All lines of the listing that contain "Printed" should be shown in full.

+-------+

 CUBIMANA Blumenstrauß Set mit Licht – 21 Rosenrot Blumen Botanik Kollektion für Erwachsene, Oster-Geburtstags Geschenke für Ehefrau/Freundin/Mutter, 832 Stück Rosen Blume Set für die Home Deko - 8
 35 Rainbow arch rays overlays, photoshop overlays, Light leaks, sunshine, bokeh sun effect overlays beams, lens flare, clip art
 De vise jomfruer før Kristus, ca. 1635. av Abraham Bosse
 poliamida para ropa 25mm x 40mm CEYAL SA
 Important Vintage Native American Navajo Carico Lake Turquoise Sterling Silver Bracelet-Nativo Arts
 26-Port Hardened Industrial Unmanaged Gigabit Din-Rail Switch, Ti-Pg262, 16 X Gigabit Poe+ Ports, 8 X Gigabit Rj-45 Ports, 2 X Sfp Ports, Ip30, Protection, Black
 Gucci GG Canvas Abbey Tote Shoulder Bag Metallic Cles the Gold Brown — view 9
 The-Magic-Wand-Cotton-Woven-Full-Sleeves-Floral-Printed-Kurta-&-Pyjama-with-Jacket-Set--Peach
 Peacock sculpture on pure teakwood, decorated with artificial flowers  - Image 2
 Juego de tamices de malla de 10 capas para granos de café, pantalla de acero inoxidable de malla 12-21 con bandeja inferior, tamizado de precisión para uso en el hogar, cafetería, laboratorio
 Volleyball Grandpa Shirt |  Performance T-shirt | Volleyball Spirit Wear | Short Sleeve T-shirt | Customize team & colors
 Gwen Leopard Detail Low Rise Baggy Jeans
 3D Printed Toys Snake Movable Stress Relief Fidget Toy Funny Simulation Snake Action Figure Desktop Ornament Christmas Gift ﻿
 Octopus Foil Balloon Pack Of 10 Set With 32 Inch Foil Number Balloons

+-------+

◆ ANSWER FOR THE TASK:
 The-Magic-Wand-Cotton-Woven-Full-Sleeves-Floral-Printed-Kurta-&-Pyjama-with-Jacket-Set--Peach
 3D Printed Toys Snake Movable Stress Relief Fidget Toy Funny Simulation Snake Action Figure Desktop Ornament Christmas Gift ﻿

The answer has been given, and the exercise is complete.